A school make minecraft compulsory in education 
http://www.gizmag.com/compulsory-minecraft-lessons/25781/

A Swedish school has made headlines, first at home and then abroad, by making super-popular build-em-up video game Minecraft compulsory for students aged 13.

Video games don't have to teach reading, writing or arithmetic to be educational. There's a strong argument that the best examples wear their educational merits lightly. Minecraft, which lets players share a procedurally generated world, and fill it with constructions built lovingly and painstakingly out of a variety of texture mapped cubes, is a stellar example. It inspires thought and creativity without repelling players with rote learning, rigid structure, or the fusty whiff of the classroom.

Minecraft's potential to inspire has been widely recognized, of course; not least by its makers, Mojang. Its commitment to a free edition of the game for the cheap-as-chips Raspberry Pi computer, itself an educational tool with enormous potential, has been rightly lauded.

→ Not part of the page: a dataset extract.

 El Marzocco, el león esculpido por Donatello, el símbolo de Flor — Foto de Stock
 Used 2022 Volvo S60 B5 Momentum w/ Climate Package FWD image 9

Now, according to Swedish news sources, the Viktor Rydberg school in Stockholm has put Minecraft on the curriculum for its 13-year-old students. "They learn about city planning, environmental issues, getting things done, and even how to plan for the future," Viktor Rydberg teacher Monica Ekman told English-language The Local. "It's not any different from arts or woodcraft," she added.

It's not as if Minecraft has replaced one of the core subjects on the school's timetable. This is merely something the school's students will do for a while when they're 13. But it sounds like Minecraft lessons might be a long-term fixture. "It’s been a great success and we’ll definitely do it again," Ekman said, while also noting that some parents were initially troubled.

It may be an isolated example, but it's fascinating to see the benefits ofMinecraft, or indeed any commercially successful video game, recognized formally by a school – even one in progressive Scandinavia.

Source: The Local

editors comment: I wonder how this could be used in school, I would love to see a copy of what they have planned and how it works.